The company’s shares were down about 1 percent in premarket trading. They fell about 5 percent in 2025, and have lagged rival Coca-Cola over the last five years.

Demand for more localized flavors of both snacks and sodas in countries such as India and Brazil boosted sales, even as it overhauls its portfolio in the United States to meet the shifting tastes of consumers.

The company announced a review of its North America supply chain in December, weeks after activist investor Elliott Management built a stake and pushed for big changes at its struggling food business.

PepsiCo is planning to cut prices by up to 15 percent on products such as Lay’s and Cheetos due to consumer complaints about high costs, the Wall Street Journal reported on Tuesday, citing company executives.

The company did not immediately respond to a Reuters request for comment.

PepsiCo, like other consumer-facing companies such as P&G and Coca-Cola, have turned focus to lower entry price points and smaller pack sizes as US consumers looked to make their budgets last in the face of inflation and challenges such as the government shutdown last year that delayed access to food stamp benefits.

As part of its review, the company is also planning to reduce the number of products it offers by roughly 20 percent in the US this year. It has also shut some manufacturing plants for the snacks division and cut jobs to trim costs.

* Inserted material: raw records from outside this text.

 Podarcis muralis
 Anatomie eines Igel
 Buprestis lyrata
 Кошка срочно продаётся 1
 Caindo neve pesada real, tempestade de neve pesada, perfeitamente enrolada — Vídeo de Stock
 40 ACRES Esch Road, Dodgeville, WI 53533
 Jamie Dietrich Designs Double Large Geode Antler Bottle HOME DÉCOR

The company has invested in rebranding key products such as Lay’s and Tostitos chips to suit consumers’ hunt for cleaner ingredients amid increased use of weight-loss drugs and the Trump administration-backed Make America Healthy Again movement.

Its beverages business in North America is undergoing a facelift with its prebiotic soda offering, as well as low- and zero-sugar beverages.

Volumes in the key North America food business fell 1 percent in the fourth quarter, following a 4-percent drop in the prior three months.

PepsiCo stuck to its annual core earnings per share target of 5- percent to 7-percent growth that it had issued in December.

The Gatorade maker reported revenue of $29.34 billion for the three months ended Dec. 27, compared with estimates of $28.97 billion, according to data compiled by LSEG.

International beverages volume grew 3 percent, while overall volumes in the beverages segment were up 1 percent.

The company reported quarterly core earnings per share of $2.26, compared with estimates of $2.24.